Pocas películas pueden resumirse en menos líneas; INTRUDER IN THE DUST nos cuenta la injusta detención de un veterano negro ranchero –Lucas Beauchamp (extraordinario Juano Hernández)-, acusado de haber matado a uno de los componentes de la familia Gowrie. Las pruebas circunstanciales lo acusan, y el hecho de ser negro cierne sobre él la casi absoluta certeza de que va a ser linchado por la multitud. Su carácter hosco impide elaborar una compleja defensa, encargando al joven Chick Mallison (Claude Jartman, Jr.) que su tío John (David Brian) ejerza como abogado suyo. Pese a no pocas reticencias –el racismo en diversas vertientes se encuentra presente en todos los rincones de la localidad-, este aceptará el encargo, para lo cual tendrá ante todo que atender a las pistas y recuerdos que le pueda proporcionar el acusado. Este, al margen de su carácter huraño, tan solo puede esgrimir su inocencia y describir las circunstancias en las que se desarrolló el crimen, que da poco margen a la defensa, aunque exista la prueba importante de que su pistola no coincida con la bala que mató a Gowrie. Será el inicio de unas pesquisas, entremezcladas con la creciente inquietud de una población que parece desear llevar a cabo un linchamiento que, además de injusto, hubiera sido el triunfo de lo irracional y un crimen colectivo.

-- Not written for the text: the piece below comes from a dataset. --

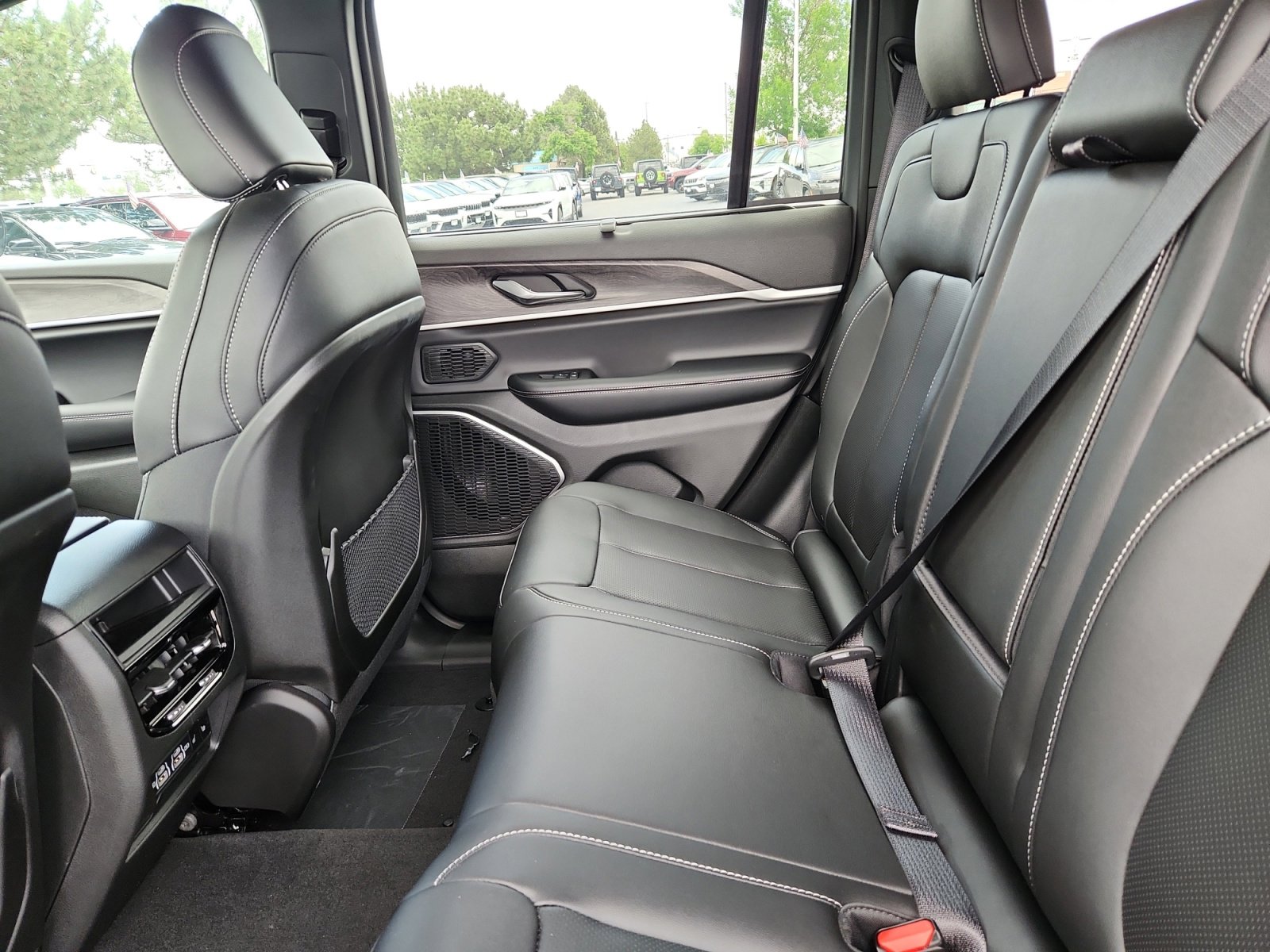 New 2025 Jeep Grand Cherokee Limited 4xe w/ Luxury Tech Group II image 17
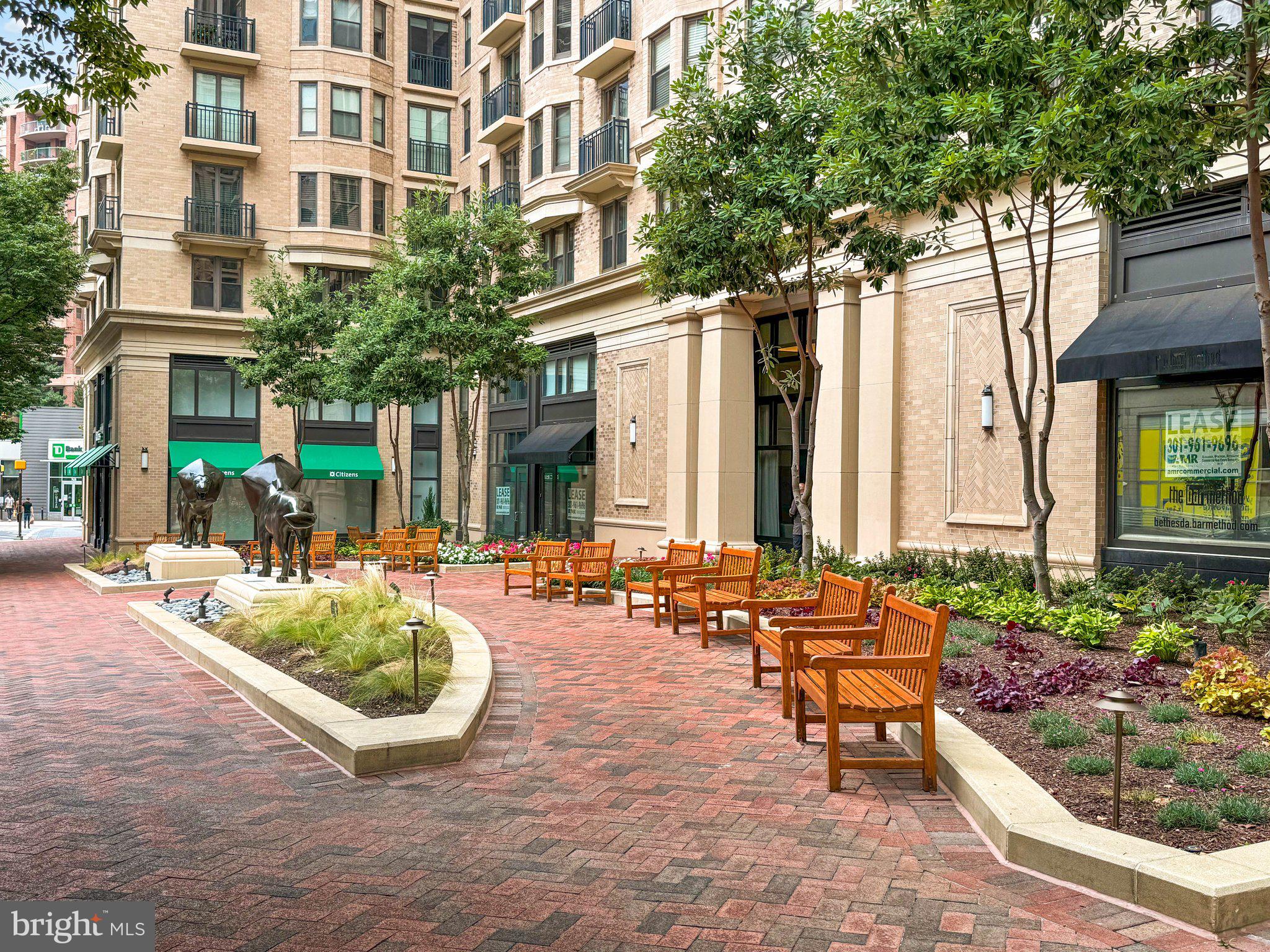 GREENWICH FOREST - Residential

INTRUDER IN THE DUST se desarrolla en los años cuarenta del pasado siglo en una población rural cercana a Mississipi –sus exteriores se rodaron en la localidad de Harward-, y desde sus propios títulos de crédito entendemos que se trata de una producción tan modesta como arriesgada y personal. Nombres como el referente de William Faulkner –se suele decir que esta es la mejor adaptación cinematográfica lograda de toda su obra-, Ben Maddow como guionista, la fotografía de Robert Surtees, la muy menguada banda sonora a cargo de Adolph Deutsch o el multioscarizado Douglas Shearer en calidad de técnico de sonido –una faceta de especial importancia para acentuar de manera paradójica el intimismo de la película-. Desde sus primeros fotogramas advertimos que nos encontramos ante un film diferente. Los planos panorámicos que describen la tranquilidad del colectivo –en la que incluso se aportan apuntes humorísticos; el cliente de la barbería que se pone el sombrero cuando se anuncia el crimen cometido y el hecho de que el autor sea un negro-, pronto dejará paso a la estupefacción generalizada, evidenciando ese racismo latente de sus habitantes. La llegada de Lucas estará punteada por esos extraordinarios travellings laterales subjetivos, en los que el acusado verá los rostros rudos de sus habitantes, que con sus miradas ya parecen condenarlo como culpable al ser negro. Sin embargo, lo admirable del trazado dramático del film es que nunca levanta la voz. Incluso sus diálogos parecen estar dominados por un sentimiento de mesura y contención, del mismo modo que sus imágenes, por más que en ocasiones revelen instantes de terrible augurio; el instante en el que el provocador hermano de Gowrie está a punto de incendiar la comisaría en la que se encuentra Lucas, rociando de gasolina los pies de la anciana sra. Habersham (Elizabeth Patterson), quien con tanta ligereza como valentía, ha proporcionado de manera inconsciente el apoyo que necesitaba el pequeño Chick para articular la defensa del acusado.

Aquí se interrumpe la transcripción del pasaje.